The phenomenon of fuel-related problems has become so severe that the niche market for specialized fuel is growing fast. Tidily packaged little metal cans containing ethanol-free gasoline were just an oddity a few years ago; now they're sold in hardware stores and by power equipment dealers, and people are taking specialized fuel seriously. There are at least three brands to choose from: MotoMix, from outdoor power equipment manufacturer Stihl USA, SEF from VP Racing Fuels and Truefuel from TruSouth. Of the three, only Stihl relies on an outside-contract chemical manufacturer to make its boutique fuel: Johann Haltermann, Ltd., a company that makes, among other things, precisely blended fuel for testing vehicles. Stihl was likely the first outdoor power equipment company to enter the boutique fuel market when, more than 20 years ago, it was so concerned about fuel quality in Germany that it introduced packaged fuel for its equipment sold in Europe. 

The market for these fuels is still so new that there's no generally recognized name for them. But regardless of whether you call this stuff—boutique fuel, packaged fuel or canned gas—it's an end run around the gas pump. Sold as straight unleaded gasoline or blended with oil for high-rpm two-cycle engines in chain saws, blowers and string trimmers, it's expensive stuff, costing anywhere from $5 to $8 per quart. Despite the high price, customers might be willing to pony up if it means seeing an engine or its components run for several trouble-free years rather than seeing the engine destroyed or damaged by ethanol—after all, avoiding just one ruined engine might be worth the cost. 
*An Ounce of Prevention*

What if you can't find canned fuel, or don't want to pay the premium? There are several other things you can do to protect your engine, Herder says. 

First, he recommends using a gasoline stabilizer. There are too many to list here, but among the most widely sold are Sta Bil, Star Tron, and Sea Foam. "It's not that the guys who use those products have no problems," Herder says, "but they definitely have fewer." 

Also, buy as little gasoline as possible, so that you run through your gas supply more quickly rather than letting the gasoline sit around and chemically decompose—a process that can start in as little as two weeks. 

Herder recommends that when you go to fill up the gas container you use for your outdoor power equipment, first top off your car—that will flush any low-octane gas out of the hose. For small engines, always use the highest octane you can find, he says. Typically, that's around 93 octane, though regionally you will find higher octane blends. 
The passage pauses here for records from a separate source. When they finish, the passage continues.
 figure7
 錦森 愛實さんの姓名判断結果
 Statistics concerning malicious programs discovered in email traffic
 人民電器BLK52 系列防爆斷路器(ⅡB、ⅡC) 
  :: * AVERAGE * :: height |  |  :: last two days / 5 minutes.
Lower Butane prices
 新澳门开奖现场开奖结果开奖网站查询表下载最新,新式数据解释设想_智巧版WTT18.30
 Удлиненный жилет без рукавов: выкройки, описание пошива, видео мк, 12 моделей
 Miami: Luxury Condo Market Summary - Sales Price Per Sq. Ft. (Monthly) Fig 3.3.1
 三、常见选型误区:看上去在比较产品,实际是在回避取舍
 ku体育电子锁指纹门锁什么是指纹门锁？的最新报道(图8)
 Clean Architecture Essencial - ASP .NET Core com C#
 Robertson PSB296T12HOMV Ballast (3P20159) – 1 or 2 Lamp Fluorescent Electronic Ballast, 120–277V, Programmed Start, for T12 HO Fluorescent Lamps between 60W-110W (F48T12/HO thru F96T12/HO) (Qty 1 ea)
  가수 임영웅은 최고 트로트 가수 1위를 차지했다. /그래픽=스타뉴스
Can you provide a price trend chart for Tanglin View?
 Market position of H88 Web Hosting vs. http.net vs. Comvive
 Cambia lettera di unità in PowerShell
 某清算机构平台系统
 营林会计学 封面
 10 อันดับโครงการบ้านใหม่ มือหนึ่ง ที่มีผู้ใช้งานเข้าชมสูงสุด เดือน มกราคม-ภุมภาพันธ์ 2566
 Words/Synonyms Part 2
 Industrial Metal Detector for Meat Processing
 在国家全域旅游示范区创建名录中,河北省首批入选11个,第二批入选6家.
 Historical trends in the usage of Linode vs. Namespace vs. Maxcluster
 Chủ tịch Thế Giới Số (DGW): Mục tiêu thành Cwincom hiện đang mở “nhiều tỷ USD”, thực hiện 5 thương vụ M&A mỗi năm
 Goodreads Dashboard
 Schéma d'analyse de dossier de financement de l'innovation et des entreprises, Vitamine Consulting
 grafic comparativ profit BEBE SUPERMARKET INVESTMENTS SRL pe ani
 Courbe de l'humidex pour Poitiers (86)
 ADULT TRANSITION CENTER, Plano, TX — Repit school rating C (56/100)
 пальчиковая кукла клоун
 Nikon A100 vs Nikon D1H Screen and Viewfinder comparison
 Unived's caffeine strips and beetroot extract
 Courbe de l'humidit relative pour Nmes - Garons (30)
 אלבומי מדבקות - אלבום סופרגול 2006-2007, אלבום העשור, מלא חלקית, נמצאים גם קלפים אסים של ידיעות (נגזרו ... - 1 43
Despite the fact that his business has seen something of a windfall because of alcohol-related engine damage, Herder is no fan of the fuel. "It's driving the customers nuts," he says, asking, in a bewildered voice, "Who do they think they're helping by adding more alcohol to gas? What positive thing is this doing?"


----------



## Laker (Feb 13, 2013)

^^^ good post, thanks~


----------



## oldyellr (Feb 16, 2013)

Simplicity Solid 22 said:


> Shryp will have more of an answer for you but it sounds like you leave the gas in your engine over the summer...??? Definitely remove all gas from tank and carb during off season...run the engine even if you have emptied the tank it will run a little until fuel line and carb are empty. Then unscrew main jet from bottom middle of bowl and let remaining fuel drip out.


Sounda like a good idea. Too bad they stopped putting fuel shut-offs and float bowl drain valves on most of these small snowblowers in the 1980s, when this was built. I do use Stabil in my mowers and summer car, but when you come to think of it, gas evaporates a lot quicker in the summer and leaves gum behind. The worst case I ever had was a string trimmer I put old gas in from my outboard tank. It ran okay, but the next time I went tu use it, the gum had glued the piston in the bore like epoxy.


----------



## Simplicity Solid 22 (Nov 27, 2012)

oldyellr said:


> Sounda like a good idea. Too bad they stopped putting fuel shut-offs and float bowl drain valves on most of these small snowblowers in the 1980s, when this was built. I do use Stabil in my mowers and summer car, but when you come to think of it, gas evaporates a lot quicker in the summer and leaves gum behind. The worst case I ever had was a string trimmer I put old gas in from my outboard tank. It ran okay, but the next time I went tu use it, the gum had glued the piston in the bore like epoxy.


 
Ugghhh...that hurts!!!!!!! Remember the older stabilizers do not treat ethanol like the newer ones..


----------



## Laker (Feb 13, 2013)

And ethanol absorbs moisture, which is bad news for a fuel system. My 2003 Tecumseh OHSK110 has a bowl drain, the rest of mine do not.


----------



## Simplicity Solid 22 (Nov 27, 2012)

Nice to have Laker...makes it a lot easier!


----------



## oldyellr (Feb 16, 2013)

Today I spent 2 hours cleaning out my driveway because it was wet and heavy and Ihad to stop and adjust the auger belt when it was just slipping. Starting wasn't too bad except after I had to shut it down.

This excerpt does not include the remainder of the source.